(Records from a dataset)
==============================

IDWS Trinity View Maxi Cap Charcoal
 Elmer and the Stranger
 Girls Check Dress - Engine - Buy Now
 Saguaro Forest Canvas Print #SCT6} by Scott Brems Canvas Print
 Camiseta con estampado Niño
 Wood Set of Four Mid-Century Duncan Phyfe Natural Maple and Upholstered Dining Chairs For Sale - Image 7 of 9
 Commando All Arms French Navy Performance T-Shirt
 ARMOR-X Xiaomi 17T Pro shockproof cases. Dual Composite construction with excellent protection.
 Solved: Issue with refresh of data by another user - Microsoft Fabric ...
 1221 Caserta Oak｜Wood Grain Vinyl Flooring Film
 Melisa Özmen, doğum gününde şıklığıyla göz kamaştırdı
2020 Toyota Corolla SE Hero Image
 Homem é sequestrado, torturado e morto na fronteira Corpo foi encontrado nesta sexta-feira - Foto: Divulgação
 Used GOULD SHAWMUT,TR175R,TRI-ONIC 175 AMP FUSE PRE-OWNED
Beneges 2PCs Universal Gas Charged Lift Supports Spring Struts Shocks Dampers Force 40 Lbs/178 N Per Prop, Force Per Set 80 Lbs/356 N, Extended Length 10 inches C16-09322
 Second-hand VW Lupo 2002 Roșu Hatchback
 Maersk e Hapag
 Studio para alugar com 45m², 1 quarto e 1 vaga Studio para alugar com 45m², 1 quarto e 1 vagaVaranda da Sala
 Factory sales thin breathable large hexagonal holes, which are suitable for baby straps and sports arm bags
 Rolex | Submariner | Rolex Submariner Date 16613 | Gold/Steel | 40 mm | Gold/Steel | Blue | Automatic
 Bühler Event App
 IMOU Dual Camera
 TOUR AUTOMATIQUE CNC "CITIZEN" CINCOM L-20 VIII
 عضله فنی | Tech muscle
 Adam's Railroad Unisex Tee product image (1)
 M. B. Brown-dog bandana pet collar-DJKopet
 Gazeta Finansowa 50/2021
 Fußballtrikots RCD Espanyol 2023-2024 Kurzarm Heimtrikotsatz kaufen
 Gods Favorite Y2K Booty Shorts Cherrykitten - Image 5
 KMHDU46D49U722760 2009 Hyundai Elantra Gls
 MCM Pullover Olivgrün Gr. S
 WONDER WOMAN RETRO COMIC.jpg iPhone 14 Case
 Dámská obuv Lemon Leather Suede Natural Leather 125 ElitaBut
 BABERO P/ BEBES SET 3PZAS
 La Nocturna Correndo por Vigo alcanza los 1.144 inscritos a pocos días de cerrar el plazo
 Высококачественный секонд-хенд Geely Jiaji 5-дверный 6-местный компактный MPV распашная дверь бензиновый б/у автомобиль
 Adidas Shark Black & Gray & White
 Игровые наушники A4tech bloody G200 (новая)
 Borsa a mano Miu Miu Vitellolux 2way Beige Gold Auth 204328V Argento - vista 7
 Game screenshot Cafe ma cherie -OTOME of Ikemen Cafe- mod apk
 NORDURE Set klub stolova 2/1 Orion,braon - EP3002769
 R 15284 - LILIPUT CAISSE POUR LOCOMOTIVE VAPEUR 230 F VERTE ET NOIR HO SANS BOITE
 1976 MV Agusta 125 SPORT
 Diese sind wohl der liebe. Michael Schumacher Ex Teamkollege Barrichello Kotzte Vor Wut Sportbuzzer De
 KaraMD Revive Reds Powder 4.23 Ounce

==============================

What the exercise asks >>
Please copy each line above exactly as written.

Written response >>
IDWS Trinity View Maxi Cap Charcoal
 Elmer and the Stranger
 Girls Check Dress - Engine - Buy Now
 Saguaro Forest Canvas Print #SCT6} by Scott Brems Canvas Print
 Camiseta con estampado Niño
 Wood Set of Four Mid-Century Duncan Phyfe Natural Maple and Upholstered Dining Chairs For Sale - Image 7 of 9
 Commando All Arms French Navy Performance T-Shirt
 ARMOR-X Xiaomi 17T Pro shockproof cases. Dual Composite construction with excellent protection.
 Solved: Issue with refresh of data by another user - Microsoft Fabric ...
 1221 Caserta Oak｜Wood Grain Vinyl Flooring Film
 Melisa Özmen, doğum gününde şıklığıyla göz kamaştırdı
2020 Toyota Corolla SE Hero Image
 Homem é sequestrado, torturado e morto na fronteira Corpo foi encontrado nesta sexta-feira - Foto: Divulgação
 Used GOULD SHAWMUT,TR175R,TRI-ONIC 175 AMP FUSE PRE-OWNED
Beneges 2PCs Universal Gas Charged Lift Supports Spring Struts Shocks Dampers Force 40 Lbs/178 N Per Prop, Force Per Set 80 Lbs/356 N, Extended Length 10 inches C16-09322
 Second-hand VW Lupo 2002 Roșu Hatchback
 Maersk e Hapag
 Studio para alugar com 45m², 1 quarto e 1 vaga Studio para alugar com 45m², 1 quarto e 1 vagaVaranda da Sala
 Factory sales thin breathable large hexagonal holes, which are suitable for baby straps and sports arm bags
 Rolex | Submariner | Rolex Submariner Date 16613 | Gold/Steel | 40 mm | Gold/Steel | Blue | Automatic
 Bühler Event App
 IMOU Dual Camera
 TOUR AUTOMATIQUE CNC "CITIZEN" CINCOM L-20 VIII
 عضله فنی | Tech muscle
 Adam's Railroad Unisex Tee product image (1)
 M. B. Brown-dog bandana pet collar-DJKopet
 Gazeta Finansowa 50/2021
 Fußballtrikots RCD Espanyol 2023-2024 Kurzarm Heimtrikotsatz kaufen
 Gods Favorite Y2K Booty Shorts Cherrykitten - Image 5
 KMHDU46D49U722760 2009 Hyundai Elantra Gls
 MCM Pullover Olivgrün Gr. S
 WONDER WOMAN RETRO COMIC.jpg iPhone 14 Case
 Dámská obuv Lemon Leather Suede Natural Leather 125 ElitaBut
 BABERO P/ BEBES SET 3PZAS
 La Nocturna Correndo por Vigo alcanza los 1.144 inscritos a pocos días de cerrar el plazo
 Высококачественный секонд-хенд Geely Jiaji 5-дверный 6-местный компактный MPV распашная дверь бензиновый б/у автомобиль
 Adidas Shark Black & Gray & White
 Игровые наушники A4tech bloody G200 (новая)
 Borsa a mano Miu Miu Vitellolux 2way Beige Gold Auth 204328V Argento - vista 7
 Game screenshot Cafe ma cherie -OTOME of Ikemen Cafe- mod apk
 NORDURE Set klub stolova 2/1 Orion,braon - EP3002769
 R 15284 - LILIPUT CAISSE POUR LOCOMOTIVE VAPEUR 230 F VERTE ET NOIR HO SANS BOITE
 1976 MV Agusta 125 SPORT
 Diese sind wohl der liebe. Michael Schumacher Ex Teamkollege Barrichello Kotzte Vor Wut Sportbuzzer De
 KaraMD Revive Reds Powder 4.23 Ounce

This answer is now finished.